FIG. 4 is a view taken along lines 4--4 of FIG. 3.

A dredge vehicle chassis, generally indicated by the numeral 10, is formed of a plurality of intersecting vertical tubular members 12 and horizontal tubular members 14. A suction head nozzle 20 is supported by the chassis 10 via a flex block 27. The nozzle 20 is in turn flexibly connected to the water conduit 24, which is in turn in fluid-flow connection with manifold 26 and then with a suction pump, indicated generally by the numeral 28.

As shown in this embodiment, the nozzle 20 has a generally vertically elongated surface area presented to the free stream flow of water, moving relative to the nozzle in the direction indicated by the arrow A when the dredge vehicle is moving during the dredging operation. Interposed immediately forwardly, and slightly below the vertically obliquely laying nozzle 20 is a water-flow deflecting shield 30, pivotally supported at its upper end, via pin 32, on horizontally extending flange 33; the flange 33 is rigidly connected to the tubular chassis members 12, 14, via column 34, and to flex block 27.
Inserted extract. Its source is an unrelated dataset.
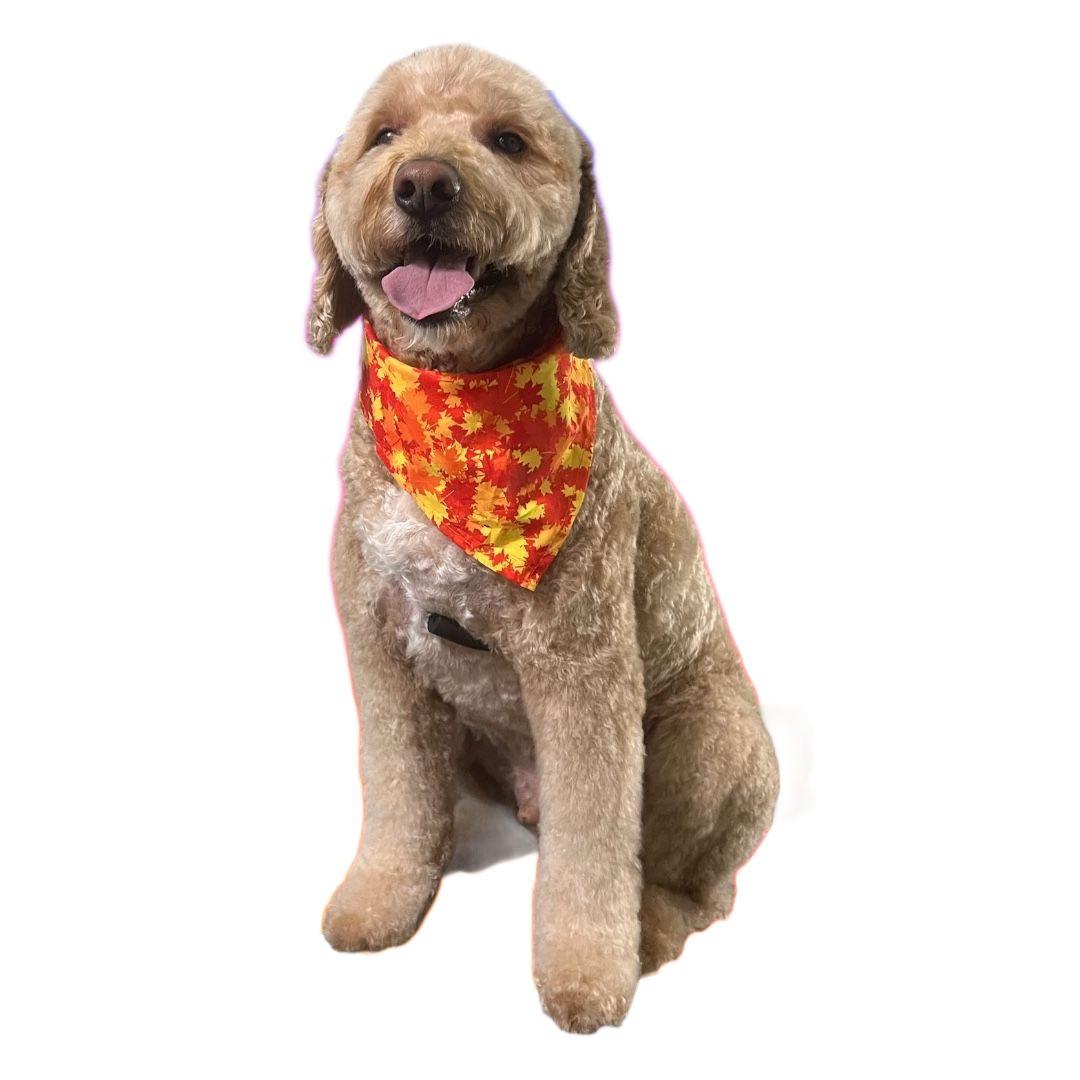 A light brown, curly-haired dog sits facing forward, wearing a bright orange leaf-patterned bandana with its tongue out.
Those skilled in the art of designing hydrodynamic surfaces are well aware of the myriad possibilities for the front surface and cross-sectional shape of a water-flow deflecting means for providing the desired downward deflection of the water as required by the present invention. It has been found, suprisingly, that a simple flat plate provides sufficient efficiency, at least at the relatively low speeds at which the dredge vehicle is expected to travel, and therefore, at the relatively low flow rates of the water and dredge vehicle. Accordingly, deflecting shield 30 as shown in FIGS. 3 and 4, is formed of a flat, thin plate 41, formed in the shape of a trapezoid, of decreasing width toward the upper end, and, in the embodiment shown, stiffened by two vertical rib plates 40. The stiffening is only required because of the weight saving effect of utilizing relatively thin plates, which therefore ordinarily have greater undesirable flexibility.
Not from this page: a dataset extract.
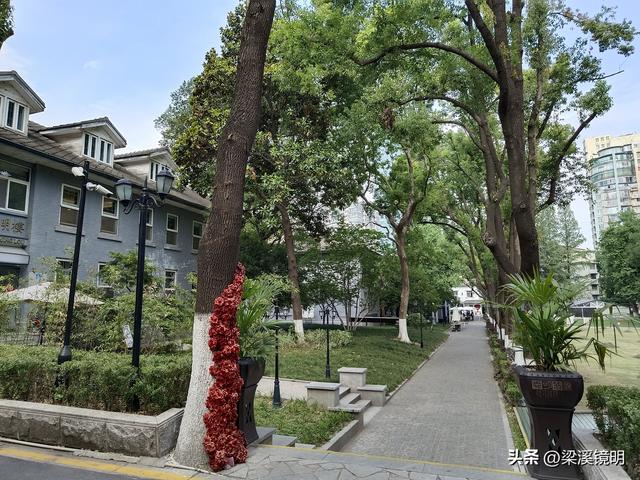 南京金陵神学院新貌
The upwardly converging shape of the deflector shield is dictated by the generally similar configuration of the nozzle, which, as shown, is generally wider at the bottom than at its upper end. The nozzle can be formed of a relatively lightweight, easily formed material, such as rigid P.V.C. plastic material, which is easily molded or otherwise formed to the desired nozzle shape. This permits an extremely simple, and relatively economical, means of forming a nozzle having the most efficient shape from the point of view of suction flow. The shield plate, would thus be formed of a relatively strong, dense material, such as aluminum metal or steel, and would absorb any sharp impact, for example from any solid obstructions met with during the travel of the dredge vehicle 10. Furthermore, when a relatively large obstruction is met and the drag baffle is pivoted in an upwardly direction, the nozzle is moved upwardly at the same time, pivoting about its axis through flex block 27.

The deflector shield 30 is maintained at the desired angle, relative to the horizontal, by the chains 38 extending from a location adjacent the bottom end of each side of the plate 30 to an upper horizontal member 14 of the dredge chassis 10.

The flow-deflecting shield further serves to prevent any undesirable upward movement of the relatively lightweight nozzle 20 caused by the impact of the water flowing against its forward surface, which would occur except for the presence of the relatively heavy shield plate 30 deflecting the water downwardly.

It has been found that the forward surface 31 of the shield plate 30 preferably should extend along a plane forming an angle of from about 45.degree. to about 60.degree. with the support surface for the vehicle, e.g., the horizontal, and most preferably from about 50.degree. to about 55.degree. when at rest. This angle can be varied by loosening or tightening the chains 38. Most generally, the "support surface" of the vehicle can be at a wide variety of angles, and in the case of the skids or sled-type vehicle of the drawings, is parallel to the lower horizontal chassis member 14.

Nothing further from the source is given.